Exact copy, no pictures: set down every entry below as written.

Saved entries
********

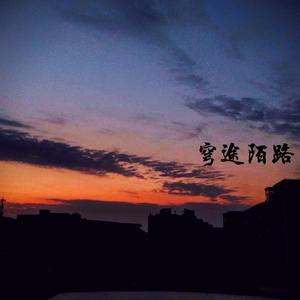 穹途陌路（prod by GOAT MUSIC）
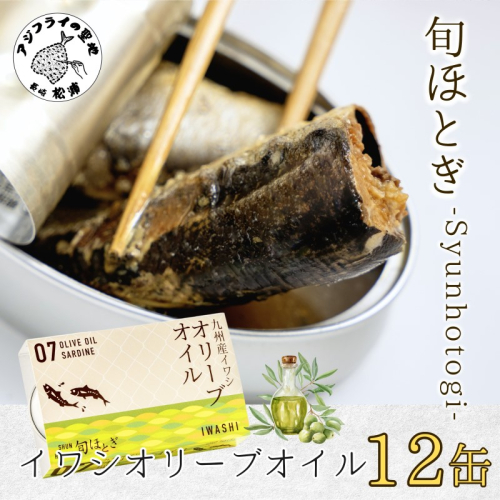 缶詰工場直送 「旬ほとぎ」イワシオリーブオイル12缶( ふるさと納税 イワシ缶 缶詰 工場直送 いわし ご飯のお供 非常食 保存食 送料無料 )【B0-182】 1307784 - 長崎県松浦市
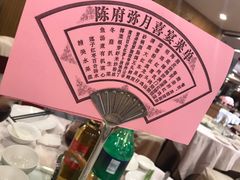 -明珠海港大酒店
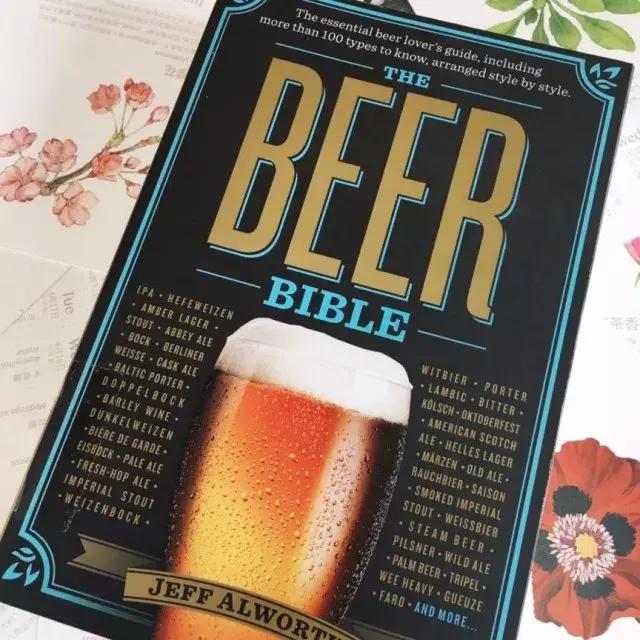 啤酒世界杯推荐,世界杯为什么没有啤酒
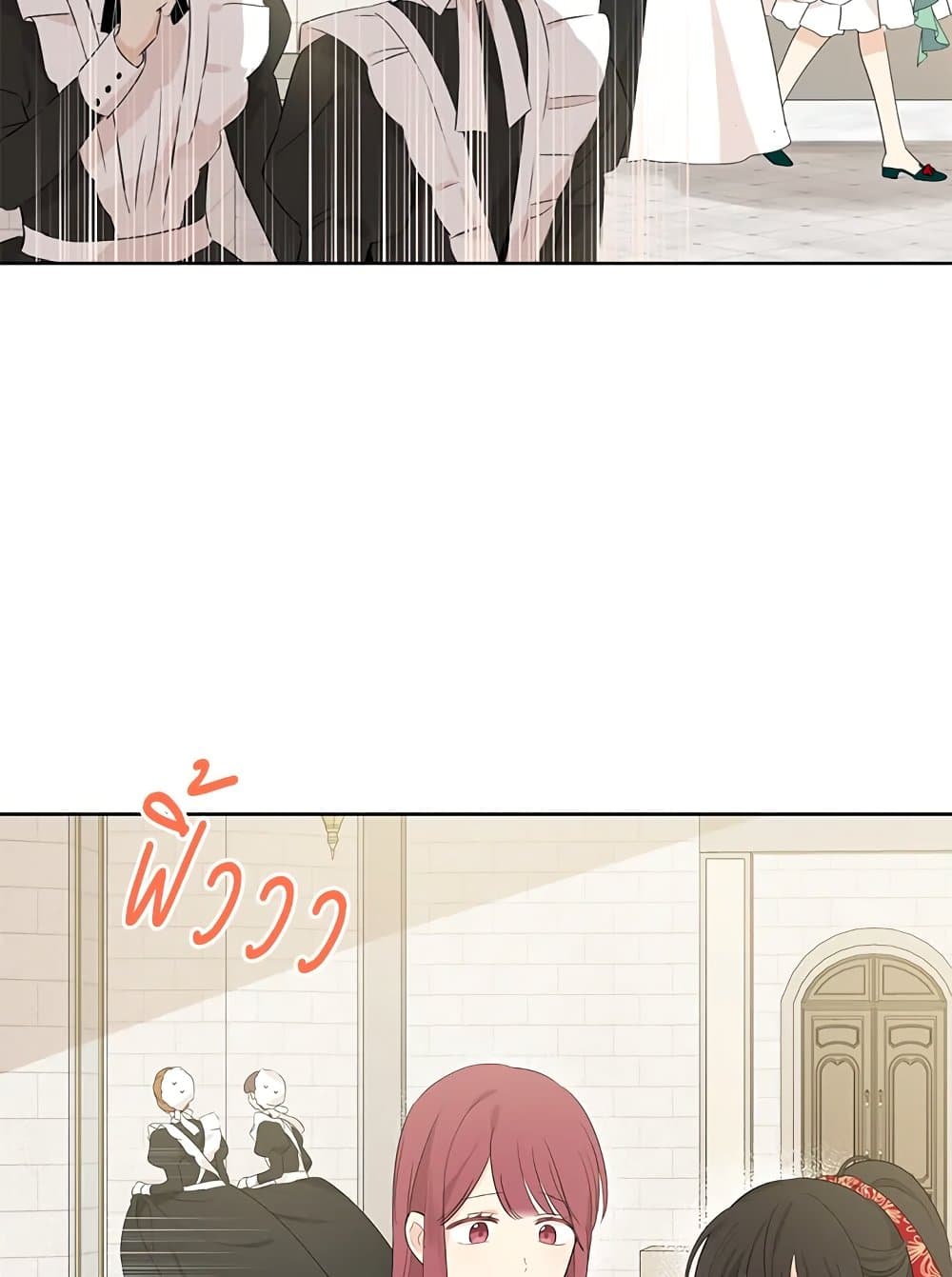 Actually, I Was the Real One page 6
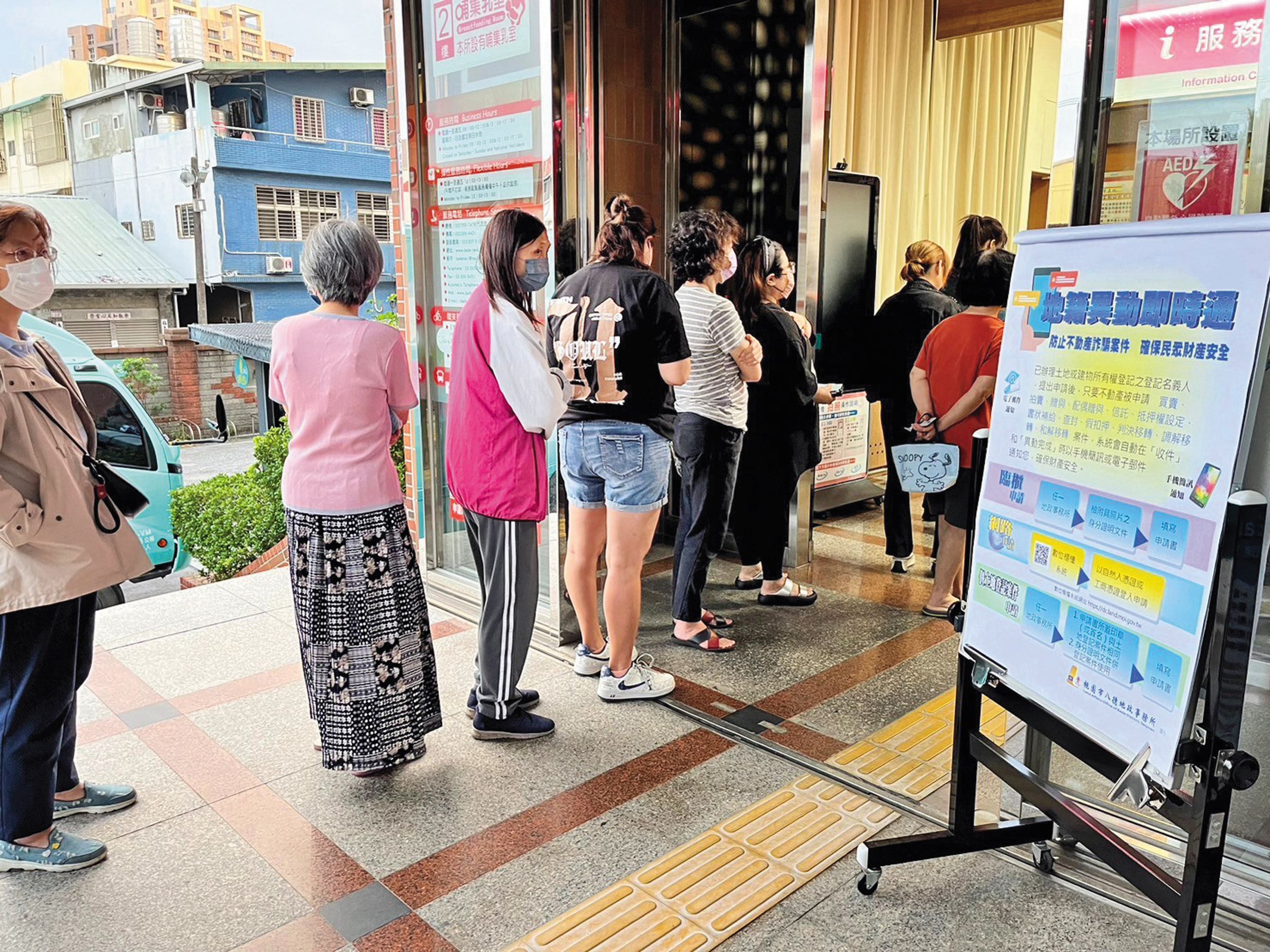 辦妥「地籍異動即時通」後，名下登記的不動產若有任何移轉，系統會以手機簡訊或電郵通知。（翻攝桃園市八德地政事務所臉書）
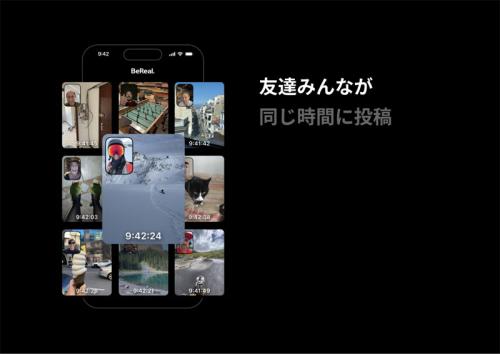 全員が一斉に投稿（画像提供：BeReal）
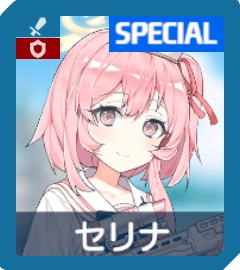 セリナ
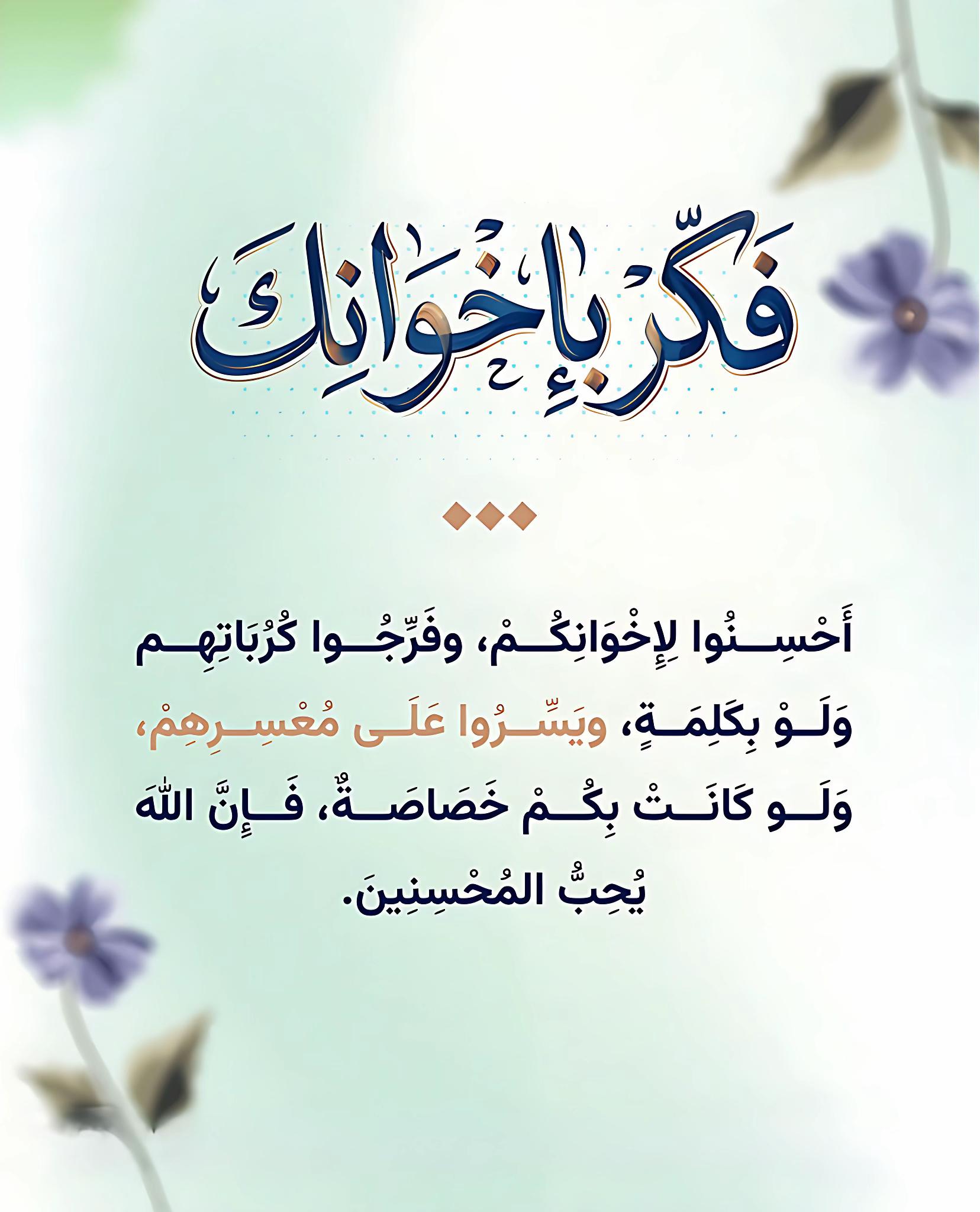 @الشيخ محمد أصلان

********

__Solved problem__.
 穹途陌路（prod by GOAT MUSIC）
 缶詰工場直送 「旬ほとぎ」イワシオリーブオイル12缶( ふるさと納税 イワシ缶 缶詰 工場直送 いわし ご飯のお供 非常食 保存食 送料無料 )【B0-182】 1307784 - 長崎県松浦市
 -明珠海港大酒店
 啤酒世界杯推荐,世界杯为什么没有啤酒
 Actually, I Was the Real One page 6
 辦妥「地籍異動即時通」後，名下登記的不動產若有任何移轉，系統會以手機簡訊或電郵通知。（翻攝桃園市八德地政事務所臉書）
 全員が一斉に投稿（画像提供：BeReal）
 セリナ
 @الشيخ محمد أصلان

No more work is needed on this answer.